Vinícius de Moraes o mais impressionante dos amantes da nossa história disse uma vez que para viver um grande amor, entre outras coisas, é preciso ter um crédito com o florista. Sim, é! Afinal, qual mulher não se desmancha em comoções diante de um bem arranjadinho buquê? Na canção “A namorada que sonhei” de Osmar Navarro, que ganhou a voz de Nilton Cesar, naquela tão boa cafonice de outros tempos, o autor sabe bem o que intencionava com o gesto: “Receba as flores que lhe dou / Em cada flor um beijo meu / São flores lindas que lhe dou / Rosas vermelhas com amor / Amor que por você nasceu”. A força bruta que era Tim Maia não lhe impediu as delicadezas do cantar em nenhuma ocasião, e também a do gesto tão singelo de declarar amor em forma de flor entregue em mãos.

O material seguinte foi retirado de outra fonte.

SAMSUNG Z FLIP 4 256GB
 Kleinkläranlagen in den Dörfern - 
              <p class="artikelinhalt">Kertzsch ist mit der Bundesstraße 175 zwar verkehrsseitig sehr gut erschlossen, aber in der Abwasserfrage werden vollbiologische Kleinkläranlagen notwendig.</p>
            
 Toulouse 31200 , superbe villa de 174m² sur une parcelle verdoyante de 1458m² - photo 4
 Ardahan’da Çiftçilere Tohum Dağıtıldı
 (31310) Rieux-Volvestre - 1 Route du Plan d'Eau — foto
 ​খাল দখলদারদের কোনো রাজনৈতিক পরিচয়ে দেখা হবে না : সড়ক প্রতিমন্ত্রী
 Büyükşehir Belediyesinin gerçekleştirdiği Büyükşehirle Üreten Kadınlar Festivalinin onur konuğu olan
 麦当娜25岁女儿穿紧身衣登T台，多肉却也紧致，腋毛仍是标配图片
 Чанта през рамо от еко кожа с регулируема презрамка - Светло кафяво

Assim fez na canção de Cassiano e Sílvio Rochael: “Porque é primavera / Te amo / É primavera, te amo, meu amor / Trago essa rosa, para lhe dar”.
Maestro, um instante para a composição de Nelson Jacobina e Jorge Mautner, um clássico da discografia de Gilberto Gil, Maracatu Atômico: “No meio da couve-flor tem a flor, tem a flor / Que além de ser uma flor tem sabor”. Há outras flores saborosas por aí, mas esse é assunto para outra pessoa da família Gil Moreira Passos, a tão comentada Bela, que administra tudo do reino vegetal pela gastronomia.
É este o tempo de tirar os vestidos do armário, de ensaiar volta pela praia, de começar a despir o corpo. É tempo das caminhadas de fim de tarde ou de começo de dia. É tempo de sorrisos, de ganhar os beijos do sol. No giro do planeta há vida começando, renascendo, refazendo, ressurgindo. Há continuação, permanência, prosseguimento. Mas tudo isso é símbolo indiscutível e paradoxal da efemeridade. A primavera nos ensina: a vida inteira pode caber dentro do momento do perfume da flor.
A coluna se despede com música de Paulo Miklos, Sérgio Britto, Toni Bellotto e Charles Gavin, um dos pontos altos da discografia dos Titãs, Flores: “Há flores cobrindo o telhado / E embaixo do meu travesseiro / Há flores por todos os lados / Há flores em tudo que eu vejo”.